Provided data START
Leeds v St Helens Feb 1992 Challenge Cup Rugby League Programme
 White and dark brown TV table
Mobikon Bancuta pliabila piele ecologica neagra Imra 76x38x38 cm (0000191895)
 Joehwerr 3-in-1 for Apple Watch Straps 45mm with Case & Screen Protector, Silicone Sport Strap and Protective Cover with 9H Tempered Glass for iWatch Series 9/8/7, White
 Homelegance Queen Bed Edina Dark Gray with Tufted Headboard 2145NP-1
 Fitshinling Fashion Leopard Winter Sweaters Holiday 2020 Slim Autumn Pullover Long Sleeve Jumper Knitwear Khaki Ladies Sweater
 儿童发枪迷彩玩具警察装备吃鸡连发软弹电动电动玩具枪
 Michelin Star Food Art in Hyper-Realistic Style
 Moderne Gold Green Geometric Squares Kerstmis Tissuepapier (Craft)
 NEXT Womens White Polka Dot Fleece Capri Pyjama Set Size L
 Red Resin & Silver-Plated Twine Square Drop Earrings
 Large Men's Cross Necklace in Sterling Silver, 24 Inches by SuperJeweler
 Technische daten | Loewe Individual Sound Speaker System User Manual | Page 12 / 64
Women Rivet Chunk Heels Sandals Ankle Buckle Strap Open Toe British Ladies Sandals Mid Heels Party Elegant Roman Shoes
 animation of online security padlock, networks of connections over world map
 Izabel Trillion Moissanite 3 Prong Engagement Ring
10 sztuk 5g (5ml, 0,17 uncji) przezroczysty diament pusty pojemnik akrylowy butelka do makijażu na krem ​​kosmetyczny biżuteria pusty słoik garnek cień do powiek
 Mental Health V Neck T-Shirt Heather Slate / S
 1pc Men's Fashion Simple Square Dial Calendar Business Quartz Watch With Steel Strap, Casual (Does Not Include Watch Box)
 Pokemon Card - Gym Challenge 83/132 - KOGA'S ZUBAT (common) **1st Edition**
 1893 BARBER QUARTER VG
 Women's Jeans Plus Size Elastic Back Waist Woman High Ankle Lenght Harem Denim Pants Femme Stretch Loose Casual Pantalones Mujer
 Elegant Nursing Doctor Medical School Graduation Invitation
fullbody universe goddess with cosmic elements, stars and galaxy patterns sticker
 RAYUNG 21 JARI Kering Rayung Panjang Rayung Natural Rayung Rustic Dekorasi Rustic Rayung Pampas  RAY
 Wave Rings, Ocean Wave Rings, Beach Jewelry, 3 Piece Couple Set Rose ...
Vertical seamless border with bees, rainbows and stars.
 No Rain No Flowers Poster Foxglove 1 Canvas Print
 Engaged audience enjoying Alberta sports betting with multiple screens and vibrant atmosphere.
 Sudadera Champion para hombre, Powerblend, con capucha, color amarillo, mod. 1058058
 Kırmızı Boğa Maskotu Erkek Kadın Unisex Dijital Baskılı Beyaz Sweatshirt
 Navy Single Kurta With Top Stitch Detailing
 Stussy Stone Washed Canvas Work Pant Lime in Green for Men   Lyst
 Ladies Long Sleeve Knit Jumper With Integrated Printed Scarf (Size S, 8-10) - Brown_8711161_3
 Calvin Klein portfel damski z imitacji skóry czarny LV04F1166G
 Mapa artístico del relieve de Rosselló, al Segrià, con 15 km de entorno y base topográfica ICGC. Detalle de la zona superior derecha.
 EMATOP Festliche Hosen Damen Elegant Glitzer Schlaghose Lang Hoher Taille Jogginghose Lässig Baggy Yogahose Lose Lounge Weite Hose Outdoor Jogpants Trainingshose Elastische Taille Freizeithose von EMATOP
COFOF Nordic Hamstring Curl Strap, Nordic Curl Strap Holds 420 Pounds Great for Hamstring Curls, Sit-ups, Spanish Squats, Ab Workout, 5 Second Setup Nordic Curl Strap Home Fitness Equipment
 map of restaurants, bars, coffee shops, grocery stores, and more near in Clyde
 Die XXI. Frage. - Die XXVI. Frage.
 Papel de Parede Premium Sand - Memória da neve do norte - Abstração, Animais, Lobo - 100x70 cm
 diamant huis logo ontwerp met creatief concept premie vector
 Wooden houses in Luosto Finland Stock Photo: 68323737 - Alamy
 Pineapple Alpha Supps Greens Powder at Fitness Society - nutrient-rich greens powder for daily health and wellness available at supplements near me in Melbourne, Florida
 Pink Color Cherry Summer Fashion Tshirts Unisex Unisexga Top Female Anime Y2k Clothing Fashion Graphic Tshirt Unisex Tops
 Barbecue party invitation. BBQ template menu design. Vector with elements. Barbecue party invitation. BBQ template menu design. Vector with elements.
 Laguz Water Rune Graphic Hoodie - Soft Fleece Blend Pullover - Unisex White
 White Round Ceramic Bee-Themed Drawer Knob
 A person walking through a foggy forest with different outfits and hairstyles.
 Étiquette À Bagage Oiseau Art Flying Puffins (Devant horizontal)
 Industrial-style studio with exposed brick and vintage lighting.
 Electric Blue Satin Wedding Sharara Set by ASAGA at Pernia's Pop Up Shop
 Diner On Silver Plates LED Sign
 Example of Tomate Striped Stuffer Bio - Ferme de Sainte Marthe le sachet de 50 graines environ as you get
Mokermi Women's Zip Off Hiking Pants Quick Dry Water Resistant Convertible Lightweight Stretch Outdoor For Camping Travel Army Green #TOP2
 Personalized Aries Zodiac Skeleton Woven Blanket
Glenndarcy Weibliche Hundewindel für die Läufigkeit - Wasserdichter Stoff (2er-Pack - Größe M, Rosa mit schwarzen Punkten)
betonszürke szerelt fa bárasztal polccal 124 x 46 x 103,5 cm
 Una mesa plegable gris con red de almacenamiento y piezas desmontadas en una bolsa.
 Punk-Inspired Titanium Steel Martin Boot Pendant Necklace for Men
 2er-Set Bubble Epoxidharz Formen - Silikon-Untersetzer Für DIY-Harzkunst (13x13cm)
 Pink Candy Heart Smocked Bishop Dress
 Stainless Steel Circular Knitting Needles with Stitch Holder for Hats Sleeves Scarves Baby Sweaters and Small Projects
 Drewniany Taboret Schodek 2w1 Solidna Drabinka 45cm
Provided data END
→ Exercise goal: Read the entries above and find each line holding the word "Fashion". Copy it out.

→ Written solution:
 Fitshinling Fashion Leopard Winter Sweaters Holiday 2020 Slim Autumn Pullover Long Sleeve Jumper Knitwear Khaki Ladies Sweater
 1pc Men's Fashion Simple Square Dial Calendar Business Quartz Watch With Steel Strap, Casual (Does Not Include Watch Box)
 Pink Color Cherry Summer Fashion Tshirts Unisex Unisexga Top Female Anime Y2k Clothing Fashion Graphic Tshirt Unisex Tops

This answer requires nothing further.